Once Workstation A has built up an arp table including the information of what workstation B 's MAC address is as well as workstation B 's IP address, Workstation A can start to communicate with Workstation B. They may need to communicate over a connection-orientated protocol like TCP (for something like the 'telnet' application) or perhaps using a connectionless protocol like UDP for DNS updates.
ARP is really a UDP based service, because it does a broadcast by sending out a packet on the network expecting devices to reply. ARP is not interested if the workstations on the network receive the packets. If you Sniff your network (we will talk about that later) you will see these ARP requests being sent out continually by hosts on your network.
The explanation above assumes that everybody is on the same network. We know this is not the case, so we also need to establish the concept of the differences between layer two and layer three networks.
Essentially at Layer Two workstations are only communication at MAC address level. Therefore, while two machines are physically connected to the same local area network (LAN) they can communicate.
Now what happens is that networks were designed to connect computers together, in the simplest case we started off with a network and put some machines on the network.
These machines were able to communicate with each other without any interference, but what happened next is that we found that we had a need for a second network. It might be on another floor in the same building or in another building. The machines on the second network could talk to one another however they could not talk to machines on the original network.
Routers were developed to deal with this problem. Their job is to route packets via different networks. You could think of the router as a traffic policeman on a busy intersection. When you come along road A and you want to go to road C the traffic police(wo)man will direct you down road C. She (traffic police(wo)man) stands in the middle and when she sees you coming along with a big sign on your windscreen saying you want to go to road C, she immediately stops other traffic and directs you to your destination. Routers do a similar job - only with packets rather than cars.
Now what happens here is that Workstation A wants to talk to Workstation E and these are on completely separate networks - not directly connected to one another. An example might be doing an ftp to ftp.is.co.za . In all probability, your host will not be directly connected to the hosts ftp.is.co.za.

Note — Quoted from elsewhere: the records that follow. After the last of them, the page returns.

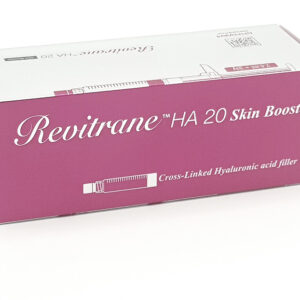 Revitrane HA 20 skin booster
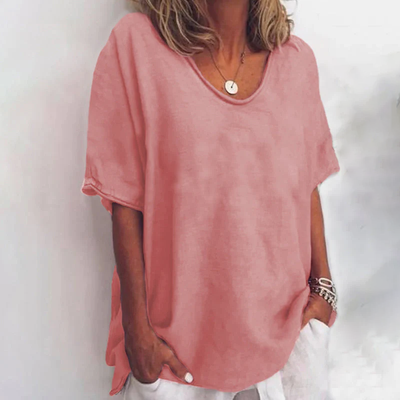 Kathleen™ | Blouse Loose Confortable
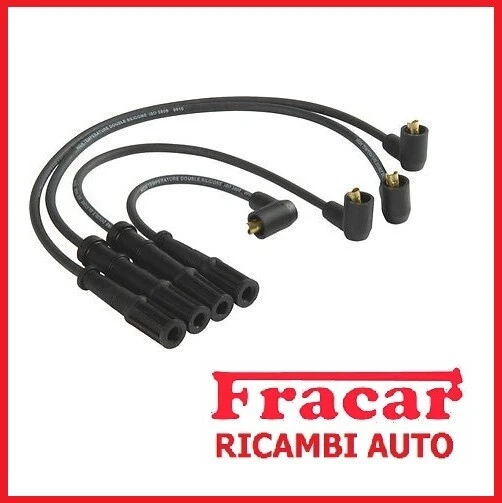 Kit cavi accensione BRECAV FIAT Palio Weekend (178dx) 1.2 Kw 59 2001 06.598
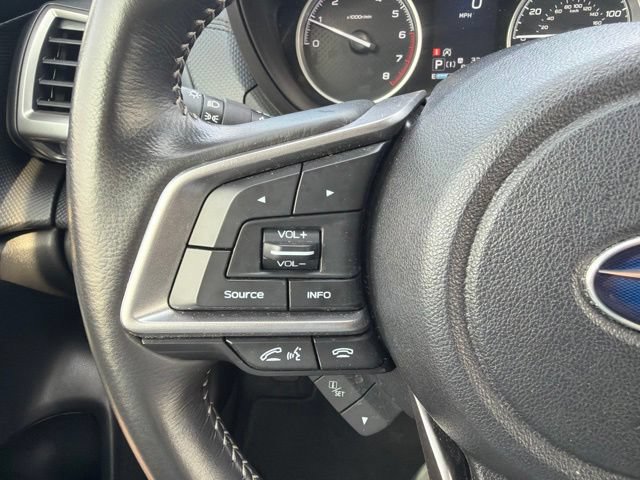 Used 2023 Subaru Forester Premium AWD/4WD image 14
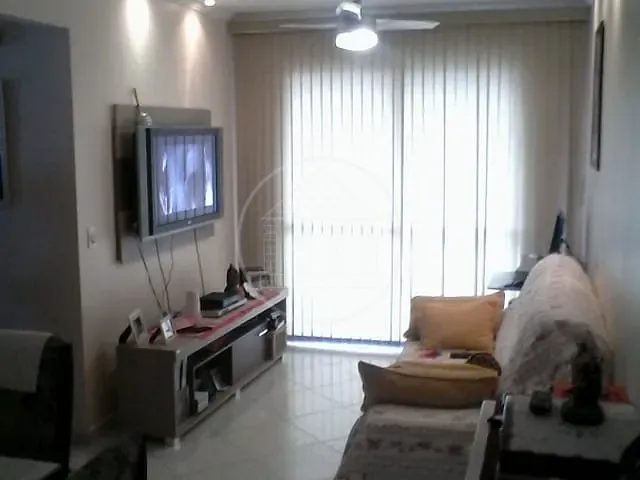 Apartamento 3 quartos e 1 banheiro, à venda, no bairro Vila Constança em São Paulo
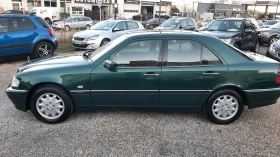 Mercedes-Benz C 180 1.8i  62000км - 9500 € / 18580.38 лв. - 26005569 7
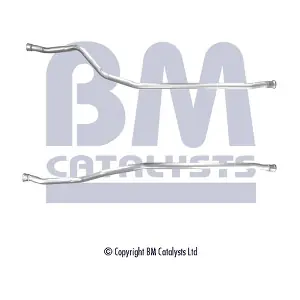 BM50395 BM CATALYSTS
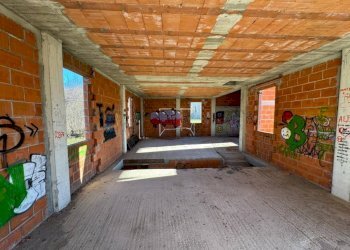 Interno palazzo - Rustico via Lago, Besozzo - foto 17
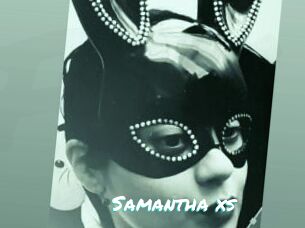 Samantha_xs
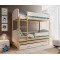Bett Corra (80x180)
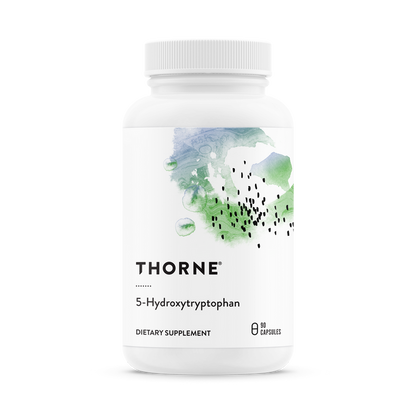 5-Hydroxytryptophan 90ct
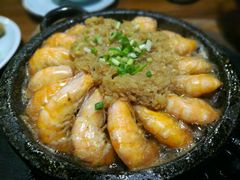 -小菜园新徽菜(芜湖镜湖苏宁店)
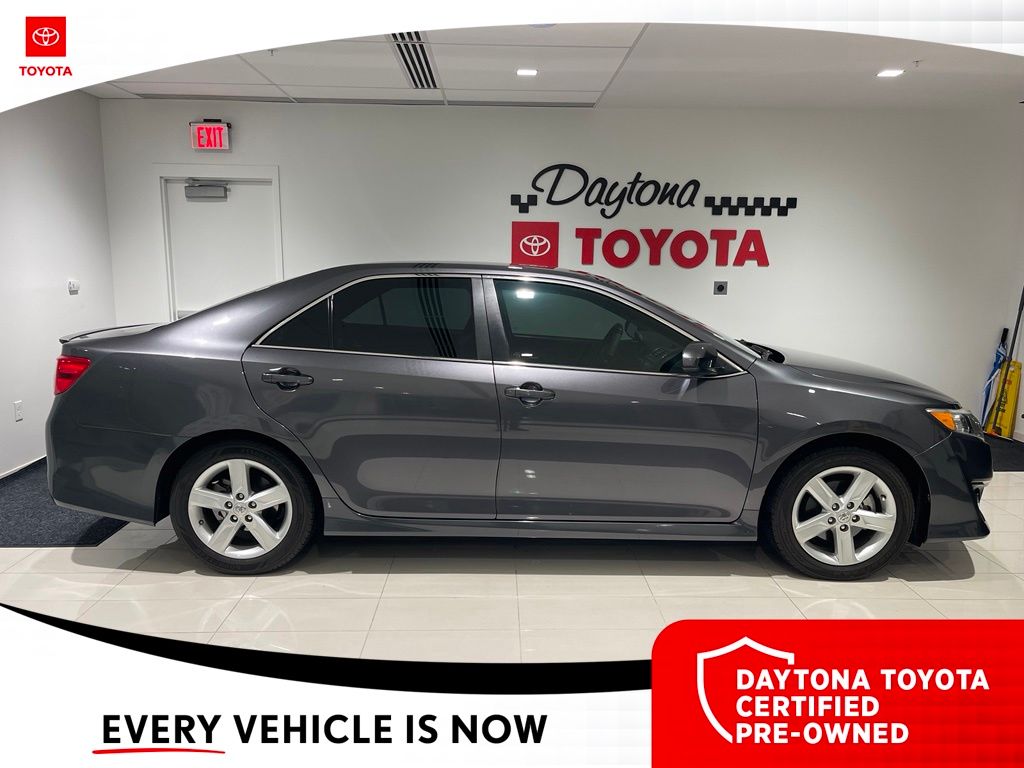 toyota camry 2014 4T1BF1FKXEU340919 image toyota camry 2014 4T1BF1FKXEU340919 image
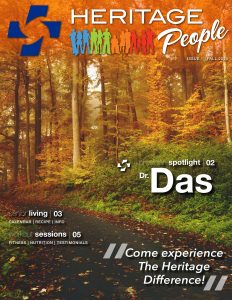 Heritage Victor Valley Medical Group Heritage People Magazine Qtr 4 2020 0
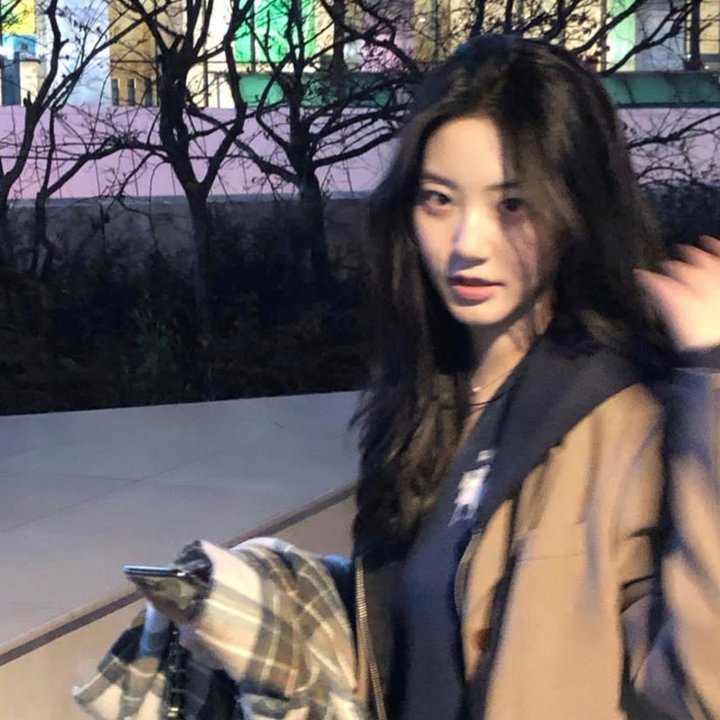 爱在闪电下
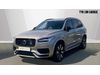 Volvo XC90 Recharge Plus, T8 AWD Plug-in hybrid, Electric/Petrol, Dark, 7 Seats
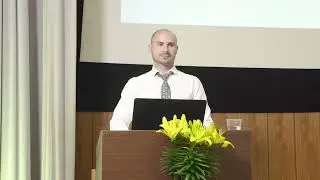 Jan Trunda - Využ&iacute;v&aacute;&scaron; tento dar
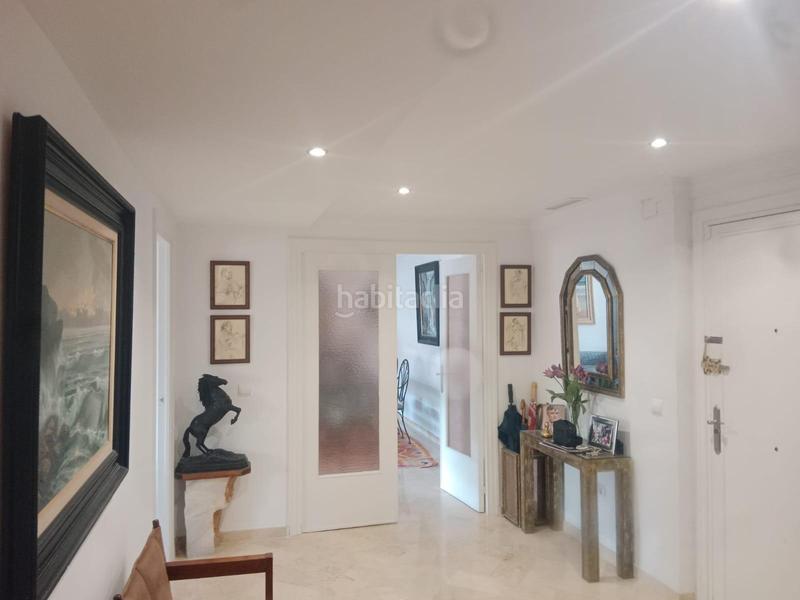 Foto 8b8f893b-0a02-4f52-be34-3a119821dd7b. Piso  de ensueño playa bajadillapuertos. en Marbella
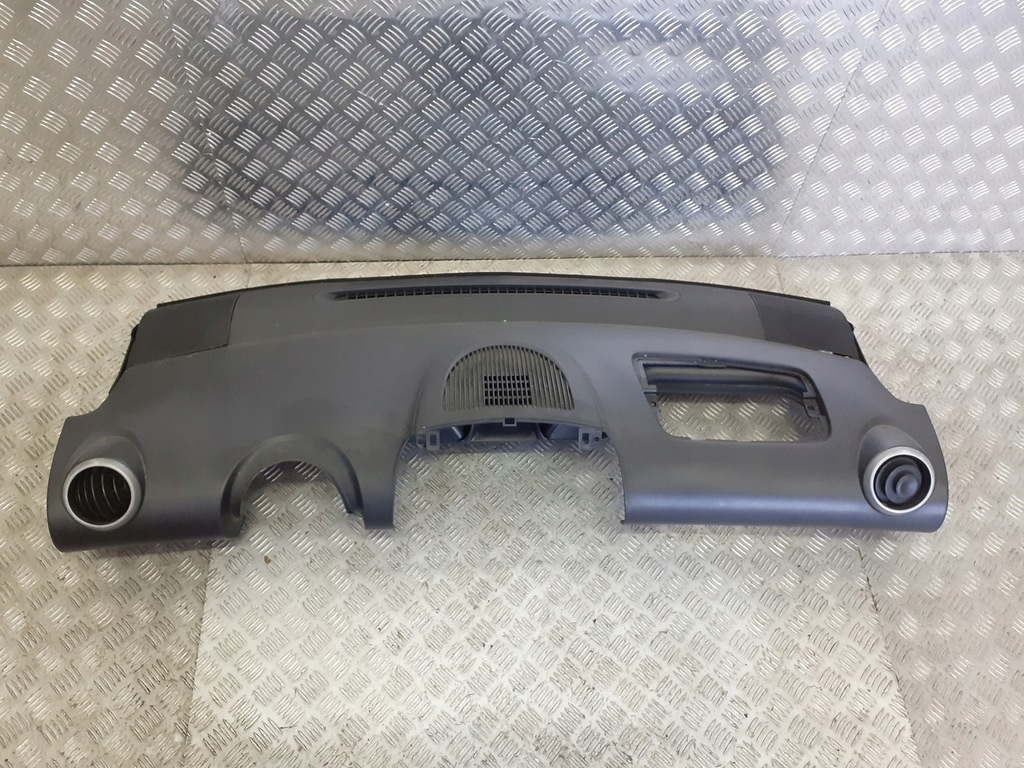 фото №1, Панель приладів приладова citroen c1 1.0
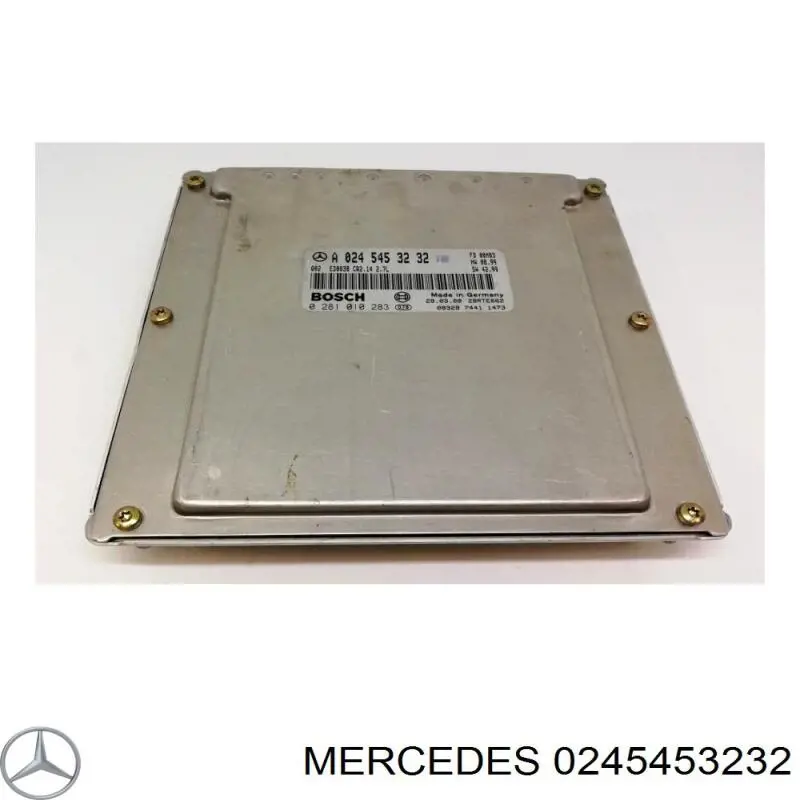  0245453232 Mercedes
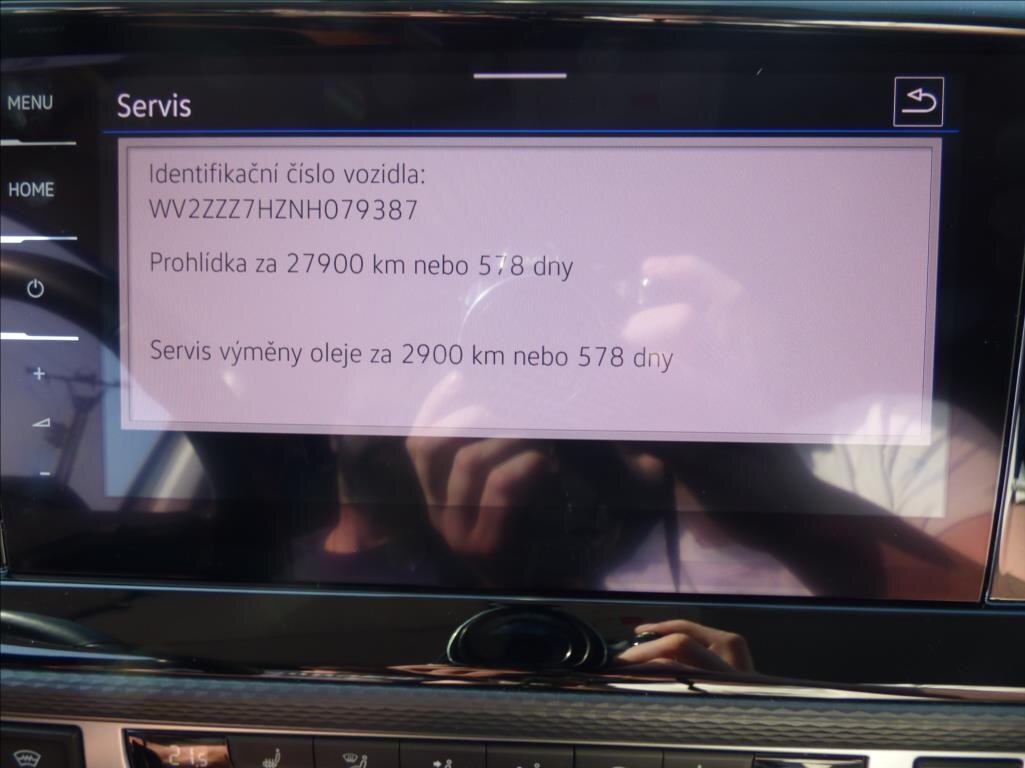 Volkswagen Multivan Kombi 2,0 l 150 kw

Workstation A looks for workstation E in it 's routing table, hoping to find a host-address entry for this hosts. However this host is not in workstation A 's routing table.
Next the routing table is examined for a match of networks with the destination network. Clearly, if there is an entry here for this network, it would mean that the network would be directly connected.
But alas, there is no entry, so the network containing workstation E is not directly connected. Finally, the routing table is consulted for a default gateway. In this case, the default gateway indicates a host on your directly connected network that acts as the "go-between". When all else fails, your packets are sent to the default gateway. Of course, your host may not know the MAC address of the gateway and will thus have to send an ARP broadcast to locate the MAC address of the default gateway.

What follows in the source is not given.